You can come quite close. Use your fair coin to create a binary number between $0$ and $1$. If your number is in $[0,\frac 13)$ that's choice $A$, and so on. The problem is that, in principle, it can take you infinitely long to decide which range you are in. In base $2$ we have $$\left( \frac 13\right)_{10}=(.01010101\cdots)_2$$ so if you alternate $0,1$ for a million tosses you won't be sure which range you are in. As a practical matter, however, this method works extremely well. And it is easy to see how to generalize this for an arbitrary $n$.
There are various clever tricks for different values of $n$. A general method is to find the smallest power $k$ with $n \le 2^k$.
Now flip the coin $k$ times. That determines a binary number $t$ at most $2^k-1$. If $t+1 \le n$ take that element. If not, roll again.
This general strategy works with $d$-sided dice in place of of fair coins.
repeatedly toss the coin and write down a binary digit $a_i\in\{0,1\}$ according to the outcome (after initially writing "$0.$"). If we perfom infinitely many tosses, we produce real number with binary expansion $a:=0.a_1a_2a_3a_4,\ldots\in[0,1]$. With probability $1$, the expansion does not end in infinitely many $1$'s. Also with probability $1$, $a$ differs from each of $\frac1n$, $\frac 2n$, and so on. Hence with probability $1$, we can decide after finitely many tosses, in which interval $[\frac {i-1}n, \frac{i}n)$ the number $a$ lies. In that case, take $i$ as outcome.
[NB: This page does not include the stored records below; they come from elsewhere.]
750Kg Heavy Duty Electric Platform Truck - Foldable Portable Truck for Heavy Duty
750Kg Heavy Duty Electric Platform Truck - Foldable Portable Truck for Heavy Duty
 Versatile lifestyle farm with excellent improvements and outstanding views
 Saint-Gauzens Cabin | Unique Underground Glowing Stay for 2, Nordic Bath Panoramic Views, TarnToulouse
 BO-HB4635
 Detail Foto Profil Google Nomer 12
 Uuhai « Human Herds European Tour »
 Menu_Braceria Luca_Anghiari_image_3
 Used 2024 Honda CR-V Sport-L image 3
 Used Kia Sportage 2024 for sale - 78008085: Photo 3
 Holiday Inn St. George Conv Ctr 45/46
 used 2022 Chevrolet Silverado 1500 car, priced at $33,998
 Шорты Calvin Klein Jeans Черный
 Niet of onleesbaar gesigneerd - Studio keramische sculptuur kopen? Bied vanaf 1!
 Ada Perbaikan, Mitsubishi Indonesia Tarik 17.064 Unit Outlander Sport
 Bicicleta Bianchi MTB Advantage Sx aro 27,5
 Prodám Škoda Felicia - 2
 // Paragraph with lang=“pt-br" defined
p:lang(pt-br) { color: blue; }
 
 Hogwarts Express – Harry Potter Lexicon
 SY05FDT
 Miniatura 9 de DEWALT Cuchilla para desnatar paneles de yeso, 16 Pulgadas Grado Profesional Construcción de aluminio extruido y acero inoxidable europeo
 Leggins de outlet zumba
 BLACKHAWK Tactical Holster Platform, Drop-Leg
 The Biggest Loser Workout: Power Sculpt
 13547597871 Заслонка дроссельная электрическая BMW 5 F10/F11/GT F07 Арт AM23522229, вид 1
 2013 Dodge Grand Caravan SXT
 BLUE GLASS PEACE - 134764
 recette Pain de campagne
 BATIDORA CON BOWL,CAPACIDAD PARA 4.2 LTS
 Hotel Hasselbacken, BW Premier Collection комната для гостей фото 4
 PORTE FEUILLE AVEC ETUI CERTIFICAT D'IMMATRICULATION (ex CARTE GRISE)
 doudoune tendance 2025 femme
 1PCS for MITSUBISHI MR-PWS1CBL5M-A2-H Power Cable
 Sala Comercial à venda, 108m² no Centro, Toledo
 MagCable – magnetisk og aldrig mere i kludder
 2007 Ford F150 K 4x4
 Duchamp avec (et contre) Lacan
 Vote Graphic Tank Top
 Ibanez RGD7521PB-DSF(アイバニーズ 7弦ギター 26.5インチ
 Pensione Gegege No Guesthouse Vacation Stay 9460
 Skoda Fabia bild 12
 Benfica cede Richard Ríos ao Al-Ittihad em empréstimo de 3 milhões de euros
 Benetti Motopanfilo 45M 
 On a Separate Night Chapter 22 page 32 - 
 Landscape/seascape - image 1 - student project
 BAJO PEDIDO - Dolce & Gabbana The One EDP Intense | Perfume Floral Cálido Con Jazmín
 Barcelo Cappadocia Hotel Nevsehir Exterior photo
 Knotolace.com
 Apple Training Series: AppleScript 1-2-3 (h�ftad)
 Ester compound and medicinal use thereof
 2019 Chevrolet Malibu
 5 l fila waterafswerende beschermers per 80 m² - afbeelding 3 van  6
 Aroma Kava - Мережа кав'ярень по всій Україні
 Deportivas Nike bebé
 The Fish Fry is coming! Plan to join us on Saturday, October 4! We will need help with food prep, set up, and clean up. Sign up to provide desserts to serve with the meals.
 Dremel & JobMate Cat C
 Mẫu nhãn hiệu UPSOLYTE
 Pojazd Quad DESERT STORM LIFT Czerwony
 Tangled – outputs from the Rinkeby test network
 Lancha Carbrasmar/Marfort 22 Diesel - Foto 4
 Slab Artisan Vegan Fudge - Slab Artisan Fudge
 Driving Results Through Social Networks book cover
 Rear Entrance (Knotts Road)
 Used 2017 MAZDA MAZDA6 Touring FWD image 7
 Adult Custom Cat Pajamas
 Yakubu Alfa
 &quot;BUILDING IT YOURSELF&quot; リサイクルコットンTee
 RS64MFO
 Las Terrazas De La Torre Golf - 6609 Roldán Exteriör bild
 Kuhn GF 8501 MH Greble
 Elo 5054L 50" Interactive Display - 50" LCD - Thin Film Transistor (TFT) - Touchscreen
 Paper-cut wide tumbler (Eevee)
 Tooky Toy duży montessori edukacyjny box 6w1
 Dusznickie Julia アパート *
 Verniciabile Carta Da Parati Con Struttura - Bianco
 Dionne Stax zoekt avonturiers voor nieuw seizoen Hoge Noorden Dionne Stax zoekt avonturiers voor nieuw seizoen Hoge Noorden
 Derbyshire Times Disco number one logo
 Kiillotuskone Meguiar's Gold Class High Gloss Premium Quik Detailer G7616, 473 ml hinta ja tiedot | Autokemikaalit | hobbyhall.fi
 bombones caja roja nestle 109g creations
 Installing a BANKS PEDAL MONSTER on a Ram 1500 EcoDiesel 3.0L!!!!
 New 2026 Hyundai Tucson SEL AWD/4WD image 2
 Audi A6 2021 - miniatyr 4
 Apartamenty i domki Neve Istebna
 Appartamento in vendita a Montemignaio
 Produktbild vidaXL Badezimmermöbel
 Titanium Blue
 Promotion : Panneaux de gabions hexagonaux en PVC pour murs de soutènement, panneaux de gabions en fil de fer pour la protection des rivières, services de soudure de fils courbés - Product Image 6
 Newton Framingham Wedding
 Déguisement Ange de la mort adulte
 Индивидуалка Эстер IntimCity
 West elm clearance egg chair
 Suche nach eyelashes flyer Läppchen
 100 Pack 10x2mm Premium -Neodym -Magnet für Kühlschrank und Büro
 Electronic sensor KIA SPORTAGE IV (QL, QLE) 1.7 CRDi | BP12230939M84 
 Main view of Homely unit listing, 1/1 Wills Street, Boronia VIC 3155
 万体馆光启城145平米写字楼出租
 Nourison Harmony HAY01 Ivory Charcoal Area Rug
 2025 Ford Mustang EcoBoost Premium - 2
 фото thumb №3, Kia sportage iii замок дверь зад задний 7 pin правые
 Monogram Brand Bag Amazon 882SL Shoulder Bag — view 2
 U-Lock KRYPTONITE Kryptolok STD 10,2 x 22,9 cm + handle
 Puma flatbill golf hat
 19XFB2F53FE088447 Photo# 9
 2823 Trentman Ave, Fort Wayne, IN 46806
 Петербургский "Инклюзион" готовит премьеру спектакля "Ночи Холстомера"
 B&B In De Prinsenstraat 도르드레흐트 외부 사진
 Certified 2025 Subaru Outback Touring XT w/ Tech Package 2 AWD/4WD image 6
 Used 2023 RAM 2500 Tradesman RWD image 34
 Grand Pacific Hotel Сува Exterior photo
$n=3$ case, your Cumulative Probability moves up at $\frac{1}{3}$ and $\frac{2}{3}$.
Therefore, if you can generate a uniform random number, if the uniform random number falls in between 0 and $\frac{1}{3}$, you choose the first element. and so on.
The question is "Can we generate a uniform random number?" Yes, but, it will take infinite numbers of toss. Good news is we don't need infinite accuracy.
Here is the trick.
Every time you toss the coin, you divide a range in half and move to the upper or the lower range.
You toss a coin first, to decide whether the random number will be greater than $\frac{1}{2}$ or not. range from 0 to $\frac{1}{2}$ or from $\frac{1}{2}$ to 1. let's say you get tail and choose the lower range. you can not decide either the 1st element or the 2nd element. but obviously, your range is out of the 3rd element range.
Toss again. Again decide upper or lower, now, from 0 to $\frac{1}{4}$ or from $\frac{1}{4}$ to $\frac{1}{2}$
If it falls the lower (0~0.25), now the whole range falls into the first element range (0 to $\frac{1}{3}$) you choose the 1st element.
if not you keep tossing a coin until you random number range falls into one element range.